— Try it —
In the records that follow, the lines from the one containing "Link aus Menü Format -> Links auswählen" to the one containing "Petrified Wood Howlite", inclusive, are to be given again exactly.

— Task material —

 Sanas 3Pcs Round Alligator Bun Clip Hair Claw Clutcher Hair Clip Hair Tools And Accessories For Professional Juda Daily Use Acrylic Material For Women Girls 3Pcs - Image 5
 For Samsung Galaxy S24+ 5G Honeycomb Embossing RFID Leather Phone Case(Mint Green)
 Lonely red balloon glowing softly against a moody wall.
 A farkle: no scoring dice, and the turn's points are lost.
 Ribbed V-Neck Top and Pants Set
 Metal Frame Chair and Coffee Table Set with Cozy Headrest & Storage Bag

---

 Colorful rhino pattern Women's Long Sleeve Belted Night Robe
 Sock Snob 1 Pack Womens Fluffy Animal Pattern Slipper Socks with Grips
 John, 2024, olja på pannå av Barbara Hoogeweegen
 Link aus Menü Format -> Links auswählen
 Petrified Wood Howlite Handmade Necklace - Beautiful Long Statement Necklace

— Answer section —
 Link aus Menü Format -> Links auswählen
 Petrified Wood Howlite Handmade Necklace - Beautiful Long Statement Necklace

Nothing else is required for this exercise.